Global Practices

Well + Good – Q&A with Georg Kell (Part 2)



Georg Kell is the founder of the UN Global Compact, vice chair of Arabesque Partners — and we are proud to say — an advisor to Edelman’s Business + Social Purpose practice. The following is a Q&A our editors conducted with him.

Q: The 2016 Trust Barometer shows while the informed public is becoming more trusting, the mass population is being left behind. You wrote about this earlier this year — describing it as a governance crisis. What do you see as the solution?

The time has come for business leaders to advocate for priority issues that go beyond the immediate interests of companies — not just to lobby for your own advantage but for sensible, reasonable policy measures that address inequality in its most extreme forms. Market systems are under threat. We see positive developments in co-ownership models that empower and include workers to make them more aligned with corporate goals. Companies leading in these ways are moving away from short-term returns to long-term value creation.
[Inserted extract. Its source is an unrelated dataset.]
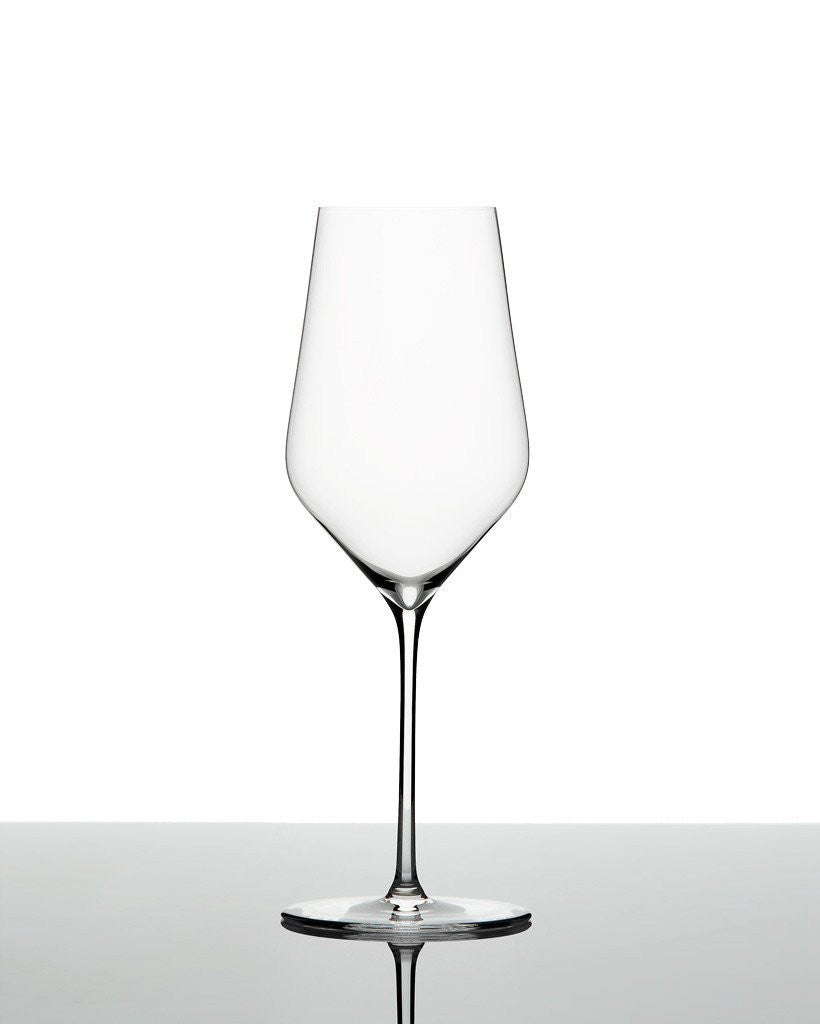Zalto White Wine, Zalto, Zalto glass, Zalto wine glass, White wine glass, Zalto Denk&#39;art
Q: What were your impressions of COP21?

We mobilized hundreds of companies and investors to encourage governments to be ambitious. Like everybody who invested so much, I was extremely happy when the conference concluded — for three reasons.

  1. At COP21 all heads of state and government agreed that climate change is real, and addressing it is a priority. This is unprecedented and shows everybody is now ready to move.
  2. So many CEOS demonstrated convincingly that low-carbon investments and green growth are the fastest growing segments of a variety of industries.
  3. For the first time ever, investors recognized climate as a real issue with material implications for long-term portfolio performance.
  4. The new climate regime defined by the Paris Accord depends heavily on country specific actions. As the business case for green growth is getting stronger and as policy measures will increasingly support low carbon growth, I have no doubt that we will see major transformations.

Q: In a recent article you said, “What started off as a moral imperative is now being complemented by a material imperative.” Tell us more about what you meant.

A growing number of CEOs now understand that some of these “soft” issues that used to be external to the long-term success of a corporation are now seen as having a direct impact on financial performance. These ESG issues are now materially relevant.  Take water, for example. Until recently water used to be considered a public good, a free, human right. But in an age of scarcity, water is becoming precious. Water stewardship is no longer an add-on philanthropic thing. Without access to water you cannot grow a business. Water management has become a serious issue. Water efficiency increasingly ensures a premium. Water has become material. The same logic applies to a host of other issues, such as climate change, good governance, and relationships with employees and consumers.

This is a fundamental transformation. What used to be external now has material relevance. There is a connection between how you tackle these issues and how they impact your risk and cost. Corporate responsibility and sustainability used to be a moral argument. It was about doing the right thing. This moral imperative is still very relevant — especially now with increasing income inequality and social discontent. But the moral imperative has now been complemented by the material relevance.